Un autre avis passionné de Dup chez Book en stock ici.

Eclipse d’une nuit d’hiver de Richard Albisser (Riffle noir)

Une curiosité ! Dup de Book-en-stock m’a fortement conseillé de lire ce roman policier. Son billet ne doit pas vous faire hésiter. Et ce roman donne fortement envie de se plonger dans l’œuvre de Richard Albisser.

Nous sommes à Roubaix et ses environs, en 2008, et les préparatifs de la Saint Valentin occupent le capitaine Drassir et son épouse Jasmina. Lui travaille donc pour la police et elle est devenue écrivain de polars. Après un premier roman plein de promesses, Jasmina cherche en vain la bonne idée pour démarrer le deuxième. Mais ses pensées vont ailleurs : son projet est d’accueillir la petite Marie, une jeune haïtienne qu’ils ont décidé d’adopter.

Jasmina reçoit la visite de André Mendus, qu’ils ont rencontré lors d’une précédente enquête. Celui-ci raconte à Jasmina comment des faits étranges ont fait irruption dans sa vie, des faits anodins liés au trois de carreaux, une carte d’un jeu de tarot. Ceci pourrait faire l’objet d’un roman, pourquoi pas ?

Bruno Valet, 27 ans, chef de rayons liquides chez Soulier et compagnie, se fait écraser dans l’allée L de l’entrepôt. La police classe rapidement l’affaire comme accident mais sa femme Valérie Valet n’y croit pas. Elle se rend au commissariat pour porter plainte, et la main courante est enregistrée par le commandant Steenman, qui va bientôt disparaître.

Alors qu’elle se baladait, Jasmina est prise à partie alors qu’elle va pour reprendre sa voiture. Elle se rend compte qu’elle est suivie puis pourchassée. Elle accélère alors l’allure mais ne fait pas attention aux feux rouges. Elle va percuter une voiture et se retrouver dans le coma. Le capitaine Drassir va devoir mener de front toutes ses enquêtes en ayant en tête que sa femme se bat contre la mort sur un lit d’hôpital.

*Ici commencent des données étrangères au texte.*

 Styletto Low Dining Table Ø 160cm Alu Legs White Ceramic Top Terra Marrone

Cette enquête aux nombreuses ramifications va se dérouler bien éprouvante.

Décidément, le Nord regorge d’auteurs de talent, ou du moins les romans que je lis sur le Nord sont de bonnes pioches. Car celui-ci est un très bon roman passionnant à lire. Si on ne peut reprocher une chose à Richard Albisser, c’est bien l’art de mener une intrigue, en prenant plusieurs affaires et en les faisant converger petit à petit. C’est extrêmement plaisant à lire, car, en plus, c’est très bien écrit. Les personnages sont forts, beaux et vivants. Et puis, il y a la fin, une véritable pirouette, un pied de nez à tous les détectives en herbe que nous sommes. Richard Albisser m’aura envoyé une belle, superbe claque.

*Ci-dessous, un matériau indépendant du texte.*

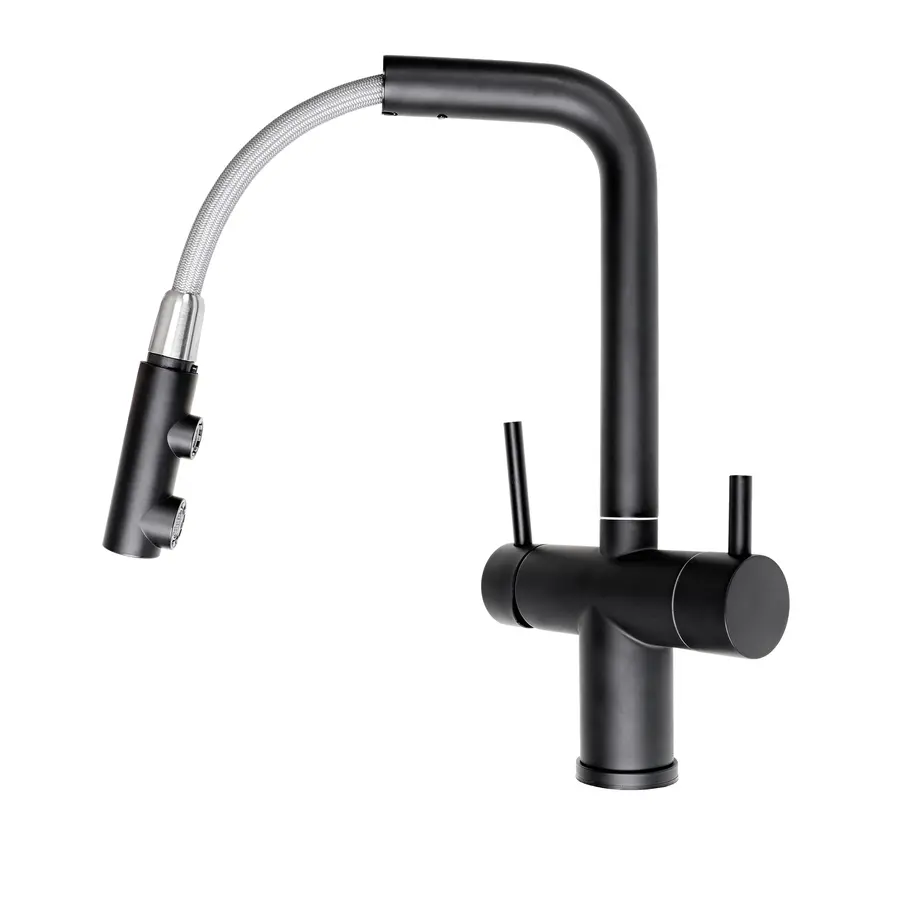 Комбінований змішувач на кухню чорний 4в1 Nett FWB-33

Au-delà de l’aspect policier du roman, le contexte social est très présent et bien introduit dans l’histoire, sans qu’on ait l’impression que cela soit rajouté pour faire beau. Les policiers sont tous des immigrés ou fils d’immigrés. Cela leur donne une certaine acuité dans leur vision de notre société. Et on a droit à des réflexions, liées aux personnages, qui sont suffisamment bien placées pour que cela fasse corps avec le personnage, sans que l’on ait l’impression que l’auteur nous assène ses vérités. C’est très bien fait et très plaisant, car cela rajoute plus de profondeur aux personnages. Et tout le monde en prend pour son grade, du système policier à la justice, des hôpitaux aux programmes télévisés, au milieu du racisme ambiant, ordinaire, celui qu’on ne remarque même plus. Et tout est écrit avec de l’humour cynique, ce qui aide à faire passer des messages.

Les deux petits bémols tiennent dans le choix de style de l’auteur et dans la police de caractère de l’éditeur. Richard Albisser a conçu son livre sans beaucoup de dialogues, mélangeant ceux-ci avec des impressions, décrivant par ci par là des situations par des phrases longues sans forcément nécessité. Ensuite, la police de lecture, est trop petite ; certes cela permet de faire un format de poche au prix extrêmement abordable (10€), mais comme je lis le soir, ça m’a gêné.

Ces deux petits défauts ne m’empêcheront pas de lire le prochain, ça c’est sûr. Pour finir, un grand merci à Dup pour son conseil, et aux éditions du Riffle noir pour cette découverte.